• DIRECTIONS: Where a picture appears, leave it out, and transcribe all the lines below exactly.

• PROVIDED DATA:

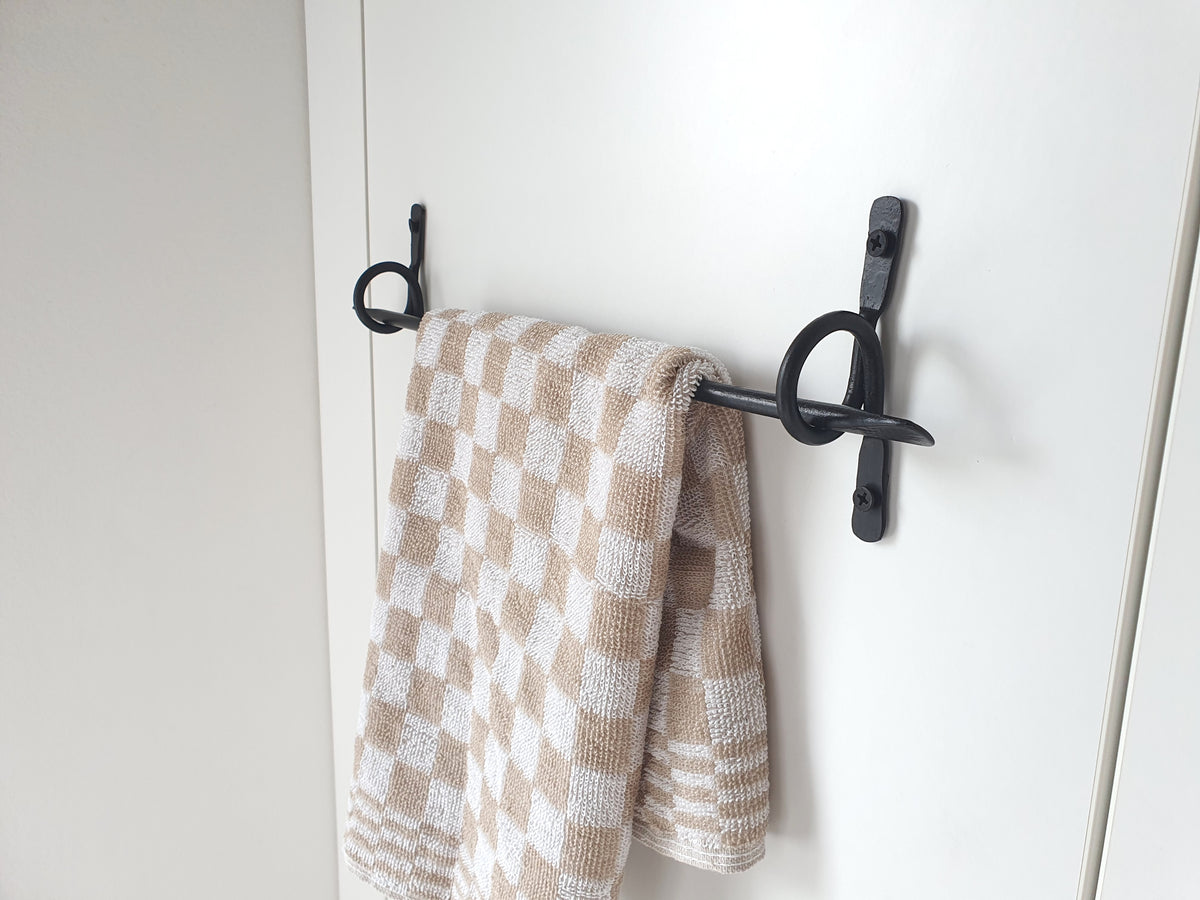 Hand Forged Black Towel Holder, Wrought Iron Wall Mounted Towel Rack, Handmade Rustic Bathroom Towel Hanger
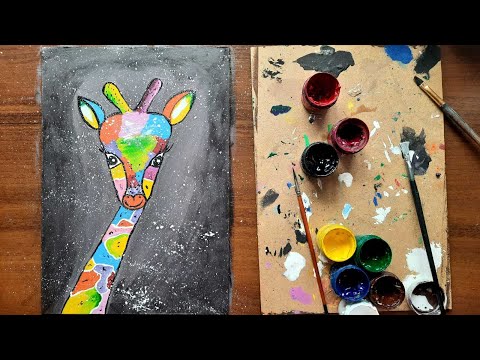 Видео: Как нарисовать разноцветного Жирафа с детьми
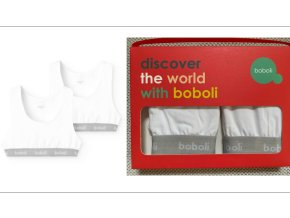 Dívčí podprsenky bílé s gumou v pase bílé podprsenky pro holku bavlna světlé Boboli 920034 1100 packX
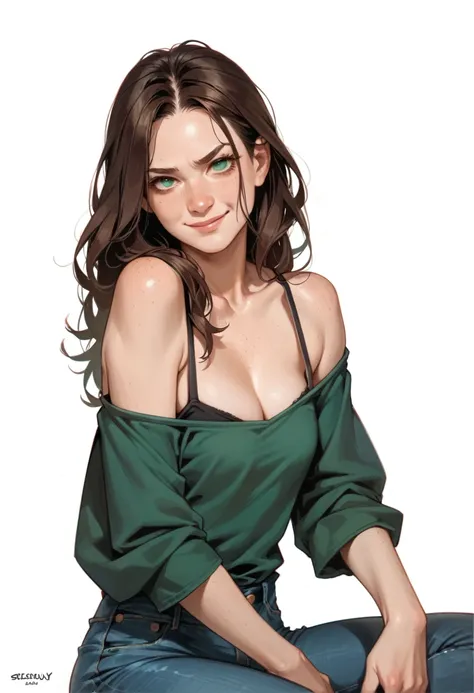 cartoon of a girl, sexy, slutty, seductive, brown hair, long hair, green eyes, closed mouth, smirk, freckles, perfect face, jean...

• OUTPUT BELOW:
 Hand Forged Black Towel Holder, Wrought Iron Wall Mounted Towel Rack, Handmade Rustic Bathroom Towel Hanger
 Видео: Как нарисовать разноцветного Жирафа с детьми
 Dívčí podprsenky bílé s gumou v pase bílé podprsenky pro holku bavlna světlé Boboli 920034 1100 packX
 cartoon of a girl, sexy, slutty, seductive, brown hair, long hair, green eyes, closed mouth, smirk, freckles, perfect face, jean...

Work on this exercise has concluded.